9/22/2012 7:00 AM
By Linda Williams Southwestern Pa. Correspondent
BEDFORD, Pa. — It was a gorgeous late summer evening when a first-time event, known as “Downtown on the Farm,” was held in Bedford, Pa. The event was organized by the Bedford County Chamber of Commerce and sponsored by Bedford Grange Mutual Insurance.
The family-friendly event took place on Thursday, Sept. 13, and helped to demonstrate to the local community the importance of agriculture and agriculture-related businesses to the economy of the area.
Overall, the attendees, estimated at several hundred, enjoying an evening of pleasant weather, conversation, music, food, farm produce and getting to see a few live animals.
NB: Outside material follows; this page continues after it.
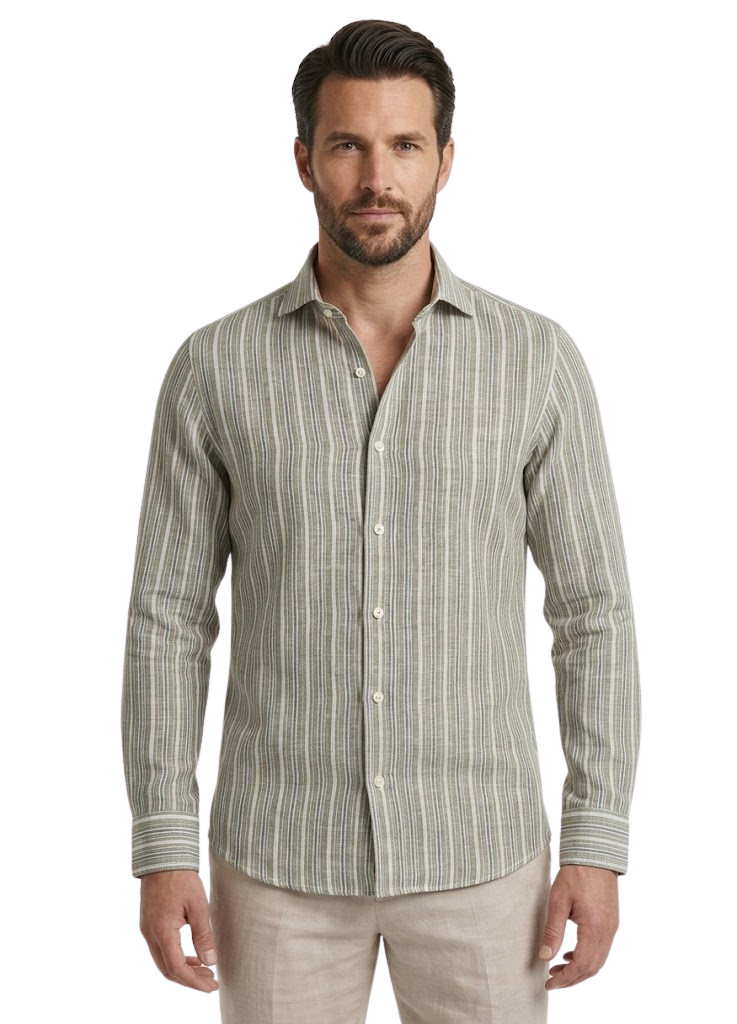 Camisa Regular Rayas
An assortment of local farmers and others involved in agriculture set up booths and activity areas to interact with the public.
Farmers Craig and Amy Rose of Gravity Hill, Pa., said they came at the last minute to set up a booth, but were happy they did. Their 2-1/2-acre produce farm did well this year even considering a dry end to summer.
“We do have irrigation and that helps,” Craig said. The Rose Family Farm also has 2-1/2 acres of sweet corn. It keeps the whole family busy including their four kids, ages 6, 7, 9 and 10.
Vendor Darlene McCloskey has a Christmas tree farm in Centerville, Pa. During the summer months she raises apples, peaches, cherries, plums and nectarines. They also sell maple syrup, cider, apple butter, pumpkin butter and sweet corn. Her business was in full swing at the downtown festival.
Bonnie Kunkle had a colorful booth with fresh cut flowers, herbs and added plenty of aroma with the herb called sweet Annie. Kunkle also raises capons and was taking orders for Thanksgiving.
Wagon rides were offered throughout the event by Misty Haven Carriage of Davidsville, Pa., a company owned by Ernie Alwine. The carriage business was brisk and adults and children alike waited for a trip about the picturesque town of Bedford.
Farmer Connie Claycomb and daughter, Julie, vegetable vendors from Bedford, had a good array of tomatoes, squash, cabbage and other late season items for sale.
Before the event, the organizers had also notified local 4-H groups and FFA clubs and invited their members to get involved. A number of club members participated in different ways. Some ag businesses chose to simply hand out brochures and ag-related materials, rather than set up a stand or activity.
One talented student, Ben Hall, a senior at Everett High School and a resident of Clearville, Pa., who is a member of the Bedford Vo-Tech FFA Club, offered lassoing lessons at the downtown agriculture festival, teaching folks who might want to learn how to lasso a cow. Hall said he is also a licensed auctioneer.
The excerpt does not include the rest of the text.